On Tuesday I participated in an industry panel at the 1st Int' Conf. on Energy-Efficient Computing and Networking at the University of Passau, Germany. In my introduction statement I could mention Sun's contributions only very briefly. So here some more detailed references:
In 2005/2006 Sun introduced the first generation of systems based on the CoolThreads/Chip Multithreading(CMT) Technology which offered a leading efficiency measured in performance/watt - even more considering the space requirements as well. Pacific Gas and Electric (PG&E) in California offered customers who replaced old, inefficient servers with efficient Sun servers with CoolThreads technology cash savings of up to $1,000 per server. This family has evolved and the T5440 recently was used for a new record TPC-C benchmark result which did beat the previously leading result from IBM consuming only 1/6th of the energy.

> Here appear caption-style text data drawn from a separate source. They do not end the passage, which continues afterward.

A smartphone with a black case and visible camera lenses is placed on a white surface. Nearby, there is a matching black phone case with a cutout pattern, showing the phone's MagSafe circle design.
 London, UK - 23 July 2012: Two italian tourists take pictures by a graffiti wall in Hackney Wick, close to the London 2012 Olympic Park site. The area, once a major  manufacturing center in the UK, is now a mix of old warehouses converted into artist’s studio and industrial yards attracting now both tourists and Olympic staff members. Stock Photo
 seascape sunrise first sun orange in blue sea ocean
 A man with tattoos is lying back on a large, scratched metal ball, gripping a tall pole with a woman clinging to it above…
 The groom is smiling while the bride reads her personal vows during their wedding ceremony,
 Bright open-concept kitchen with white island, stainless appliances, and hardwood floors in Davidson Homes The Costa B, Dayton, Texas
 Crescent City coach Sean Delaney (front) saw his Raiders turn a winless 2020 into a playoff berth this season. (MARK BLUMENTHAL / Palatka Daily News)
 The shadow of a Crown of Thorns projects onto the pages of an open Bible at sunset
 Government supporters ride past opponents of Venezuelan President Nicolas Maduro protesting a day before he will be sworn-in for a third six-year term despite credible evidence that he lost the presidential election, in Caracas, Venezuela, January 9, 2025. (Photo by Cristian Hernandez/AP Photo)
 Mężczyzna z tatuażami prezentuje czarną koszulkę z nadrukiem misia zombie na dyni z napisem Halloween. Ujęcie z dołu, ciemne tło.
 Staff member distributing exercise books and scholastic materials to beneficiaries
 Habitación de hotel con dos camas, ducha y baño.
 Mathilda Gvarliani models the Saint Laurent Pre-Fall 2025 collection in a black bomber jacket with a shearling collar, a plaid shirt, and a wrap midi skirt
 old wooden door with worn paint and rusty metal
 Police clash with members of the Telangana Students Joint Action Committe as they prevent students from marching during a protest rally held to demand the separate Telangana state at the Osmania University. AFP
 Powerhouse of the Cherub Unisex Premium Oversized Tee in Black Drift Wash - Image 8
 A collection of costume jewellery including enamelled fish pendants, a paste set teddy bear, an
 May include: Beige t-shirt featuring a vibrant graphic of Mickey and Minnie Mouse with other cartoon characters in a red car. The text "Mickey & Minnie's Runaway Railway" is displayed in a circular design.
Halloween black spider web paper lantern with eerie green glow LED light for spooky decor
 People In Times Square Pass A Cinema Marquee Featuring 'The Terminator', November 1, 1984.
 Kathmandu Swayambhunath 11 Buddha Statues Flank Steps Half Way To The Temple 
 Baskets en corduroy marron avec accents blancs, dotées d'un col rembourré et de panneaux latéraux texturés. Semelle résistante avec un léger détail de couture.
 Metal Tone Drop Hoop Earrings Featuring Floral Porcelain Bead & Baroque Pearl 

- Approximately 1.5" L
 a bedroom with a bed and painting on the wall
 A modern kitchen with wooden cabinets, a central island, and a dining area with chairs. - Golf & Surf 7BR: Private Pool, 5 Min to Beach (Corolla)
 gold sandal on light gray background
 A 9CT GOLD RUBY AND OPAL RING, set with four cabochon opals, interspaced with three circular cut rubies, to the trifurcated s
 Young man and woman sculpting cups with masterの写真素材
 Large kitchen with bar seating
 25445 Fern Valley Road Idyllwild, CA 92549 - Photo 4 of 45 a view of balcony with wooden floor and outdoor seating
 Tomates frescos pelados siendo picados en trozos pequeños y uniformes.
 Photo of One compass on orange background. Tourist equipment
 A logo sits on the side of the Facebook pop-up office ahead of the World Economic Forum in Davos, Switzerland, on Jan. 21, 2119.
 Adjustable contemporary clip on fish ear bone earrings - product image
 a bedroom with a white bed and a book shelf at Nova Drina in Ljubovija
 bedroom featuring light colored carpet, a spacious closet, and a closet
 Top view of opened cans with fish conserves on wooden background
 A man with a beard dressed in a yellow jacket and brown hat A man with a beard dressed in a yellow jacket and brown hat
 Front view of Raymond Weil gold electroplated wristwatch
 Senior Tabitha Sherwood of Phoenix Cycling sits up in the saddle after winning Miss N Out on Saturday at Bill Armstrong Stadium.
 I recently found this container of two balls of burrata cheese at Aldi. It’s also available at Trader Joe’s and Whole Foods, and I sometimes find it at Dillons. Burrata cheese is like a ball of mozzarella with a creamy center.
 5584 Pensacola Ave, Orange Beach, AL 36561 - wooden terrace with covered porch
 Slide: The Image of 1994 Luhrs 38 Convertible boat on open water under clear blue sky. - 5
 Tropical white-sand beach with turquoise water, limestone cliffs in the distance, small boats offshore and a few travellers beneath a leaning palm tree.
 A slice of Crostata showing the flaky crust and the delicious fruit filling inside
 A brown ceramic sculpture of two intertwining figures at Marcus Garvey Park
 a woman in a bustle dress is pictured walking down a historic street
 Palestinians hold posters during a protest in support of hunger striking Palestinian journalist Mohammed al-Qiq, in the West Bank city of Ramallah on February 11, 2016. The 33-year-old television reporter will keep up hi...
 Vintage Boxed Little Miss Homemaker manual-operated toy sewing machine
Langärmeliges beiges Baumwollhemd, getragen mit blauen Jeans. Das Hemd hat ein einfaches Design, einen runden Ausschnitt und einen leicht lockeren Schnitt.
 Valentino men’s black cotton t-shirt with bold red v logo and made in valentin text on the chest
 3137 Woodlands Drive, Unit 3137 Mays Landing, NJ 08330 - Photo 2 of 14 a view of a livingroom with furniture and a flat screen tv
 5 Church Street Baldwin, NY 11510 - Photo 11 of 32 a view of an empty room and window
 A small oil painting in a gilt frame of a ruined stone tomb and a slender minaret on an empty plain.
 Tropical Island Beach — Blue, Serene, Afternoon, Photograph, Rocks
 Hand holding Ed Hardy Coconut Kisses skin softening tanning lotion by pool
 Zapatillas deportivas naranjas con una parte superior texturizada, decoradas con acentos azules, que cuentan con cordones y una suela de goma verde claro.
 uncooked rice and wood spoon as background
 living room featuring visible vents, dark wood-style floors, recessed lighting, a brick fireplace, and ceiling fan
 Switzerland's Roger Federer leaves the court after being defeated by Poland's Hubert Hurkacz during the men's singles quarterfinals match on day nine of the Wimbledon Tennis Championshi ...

Besides energy efficient servers new storage technologies helped to achieve this result. Flash memory comes in various form factors from Flash Modules with an SO-DIMM form factor to Solid State Disk Drives (SSDs) to the F5100 Flash Arraywhich was used in the TPC-C benchmark and can deliver many more IOPS per Watt than traditional hard disk drives (HDDs) - about 4.000 Write IOPS per Watt from an F5100 versus 2.300 from an SSD versus 10 from an HDD. Yet given the limited capacity compared to HDDs makes flash not a one to one replacement - at least for now. Flash becomes a new tier in the storage hierarchy - between RAM and HDDs, but this needs to be managed. The Flash Cache feature in Oracle Database 11gR2 allows the use of Flash as a second level cache for the SGA. With Solaris ZFS flash may be used as a second level file buffer - the L2ARC - and for an intent log to to accelerate synchronous writes in a transparent manner. This concept is summarized under the term Hybrid Storage Pool emphasizing that thereby slower HDDs combined with a few SDDs can form a fast storage system. Such storage systems are sold as appliances in the Sun Open Storage product line. For long term archival tape is still the most energy efficient media. The Clipper Group stated in 2008 that tape is 290x more efficient than disk. Oracle's Sun Storage Archive Manager (SAM) - a hierarchical storage management (HSM) system - again enables the automated and transparent management of storage tier.
Not just for storage but also for servers the operating system is a key component to actually enable the use of hardware capabilities. Sun worked closely with Intel to effectively enable Solaris to use the power management features in their processors. The Power Aware Dispatcher that comes with Solaris 10 10/09 and with OpenSolaris coalesces load to power domains to enable others to reach and stay in deep sleep states. Also the cyclic 100Hz clock is being replaced by a event-driven approach to avoid waking up a core just to find out that there is no work to do. Eric Saxe's presentation (slides) from last year's OpenSolaris Developer Conference in Dresden, Germany gives an overview. These principles, e.g. that polling is a bad idea from an energy efficiency perspective, are also relevant for software higher up in the stack.
Server consolidation using visualization is a common approach to improve overall utilization in a data center. But there is also a huge potential on the desktop - from using SunRays, the Sun ultra thin client to the Oracle Desktop Infrastructure Software which provides a complete solution for managing, hosting, and providing access to virtualized desktop operating systems hosted in the datacenter.
On the datacenter level managing the airflow from the CRACs to racks has become essential, especially with racks that may consume 10 to 30 KW. The Sun Modular Datacenter "Project Blackbox" achieved 40% lower cooling costs in 1/8th the space by putting racks in containers (short video).
A hot topic these days is cloud computing which may shift load from smaller into larger, more efficient datacenters which may also be able to level out the load curves from multiple users. Sun and Oracle are of course engaged in cloud computing. There is always the Sun behind a cloud.